- [SUPPLIED DATA]:
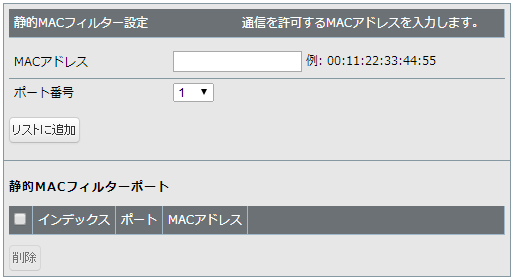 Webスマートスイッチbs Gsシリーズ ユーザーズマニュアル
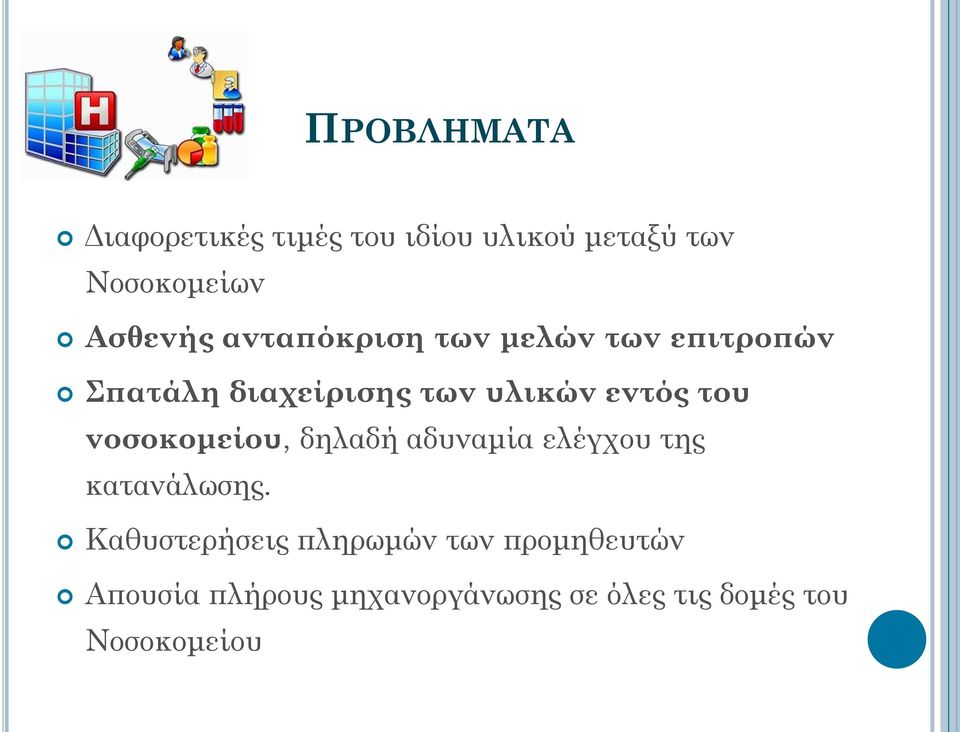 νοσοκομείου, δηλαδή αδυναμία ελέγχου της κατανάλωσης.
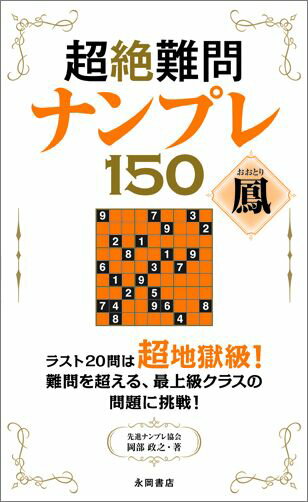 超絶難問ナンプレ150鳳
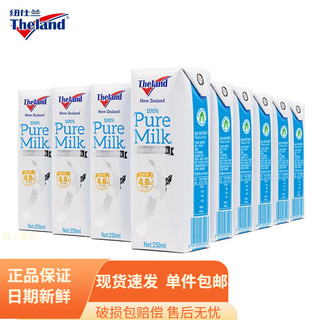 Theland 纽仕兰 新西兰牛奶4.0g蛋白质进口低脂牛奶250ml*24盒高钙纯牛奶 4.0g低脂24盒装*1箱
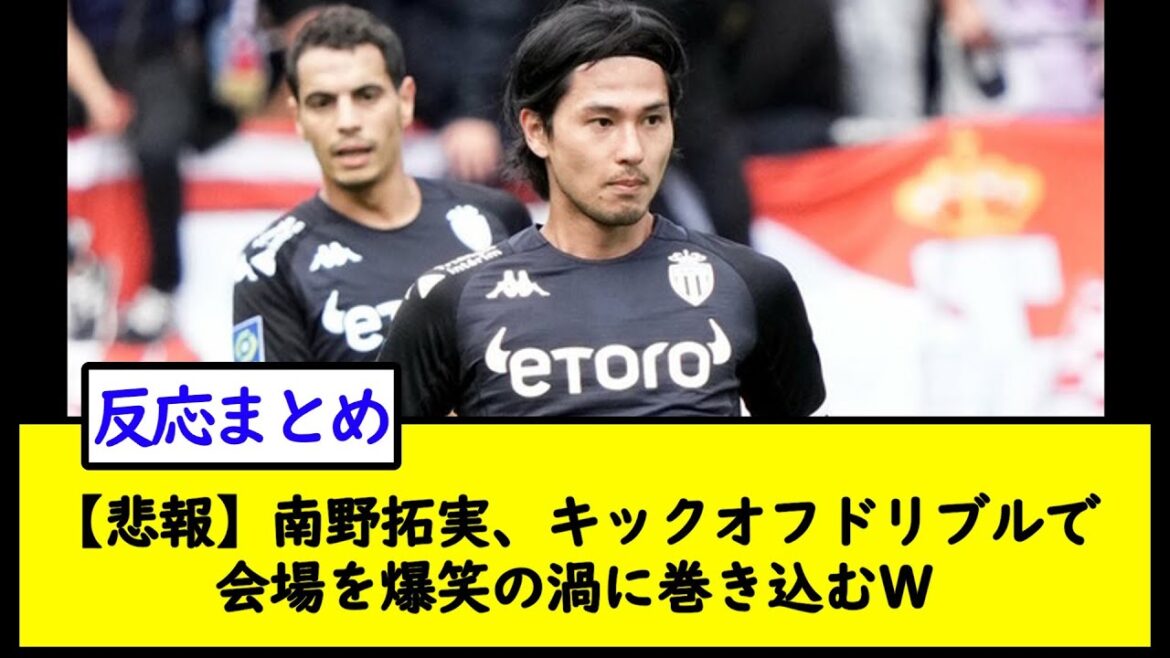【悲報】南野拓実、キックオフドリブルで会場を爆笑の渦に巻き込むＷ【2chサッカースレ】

- [WORK INSTRUCTION]: Retype the data above in full, exactly as it stands, and skip any image.

- [FINAL ANSWER]:
 Webスマートスイッチbs Gsシリーズ ユーザーズマニュアル
 νοσοκομείου, δηλαδή αδυναμία ελέγχου της κατανάλωσης.
 超絶難問ナンプレ150鳳
 Theland 纽仕兰 新西兰牛奶4.0g蛋白质进口低脂牛奶250ml*24盒高钙纯牛奶 4.0g低脂24盒装*1箱
【悲報】南野拓実、キックオフドリブルで会場を爆笑の渦に巻き込むＷ【2chサッカースレ】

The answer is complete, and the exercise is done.